The practical takeaway is straightforward. In Turkey, the strongest reps-and-warranties package is not the longest list of statements. It is the one that separates factual disclosure from contractual assurance, and contractual assurance from targeted indemnity, while aligning each layer with the Turkish-law remedy it is meant to trigger. That kind of drafting is far more likely to survive scrutiny when the transaction later turns into a dispute.
FAQ
Is there a standalone statutory chapter on representations and warranties in Turkish law?
No. Turkish law does not organize representations, warranties, and indemnities in a single dedicated chapter. Their legal effect is built through general contract rules, mistake and fraud provisions, non-performance liability, third-party undertaking, and sales-law liability rules.
Can a false representation make the contract challengeable in Turkey?
Yes. If a party entered into the contract because of essential mistake or fraud, Articles 30 and 36 of the Turkish Code of Obligations may allow that party to treat itself as not bound, subject to the one-year ratification rule in Article 39.
What is the main basis for warranty claims under Turkish law?
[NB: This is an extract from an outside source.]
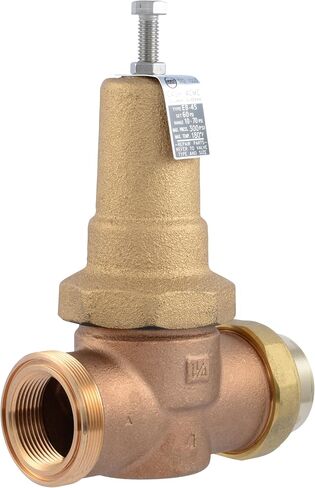 Cash Acme 1/2 Inch EB45 Single Union Pressure Regulating Valve (PRV), Metal Top, 45 PSI, 24462-0045 in Kuwait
Outside specific statutory sales rules, the main basis is Article 112 on contractual non-performance. In sales, Articles 214 and 219 provide specific title and defect liability regimes that function like statutory warranties.
Are indemnities enforceable in Turkish commercial contracts?
Yes, generally. Turkish law permits contractual risk allocation through Article 26, and Article 128 on undertaking the act of a third person is especially relevant for indemnity structures involving third-party conduct or claims.
Can parties use liability caps and exclusive-remedy clauses?
Generally yes in negotiated B2B contracts, but they remain subject to mandatory-law limits. Turkish law does not permit advance exclusion of liability for gross fault under Article 115.
Do commercial warranty and indemnity disputes require mediation before court?
Often yes. If the dispute is a commercial monetary or compensation claim, Article 5/A of the Turkish Commercial Code generally makes mediation a condition of action before suit, and commercial disputes are generally heard by the commercial court of first instance.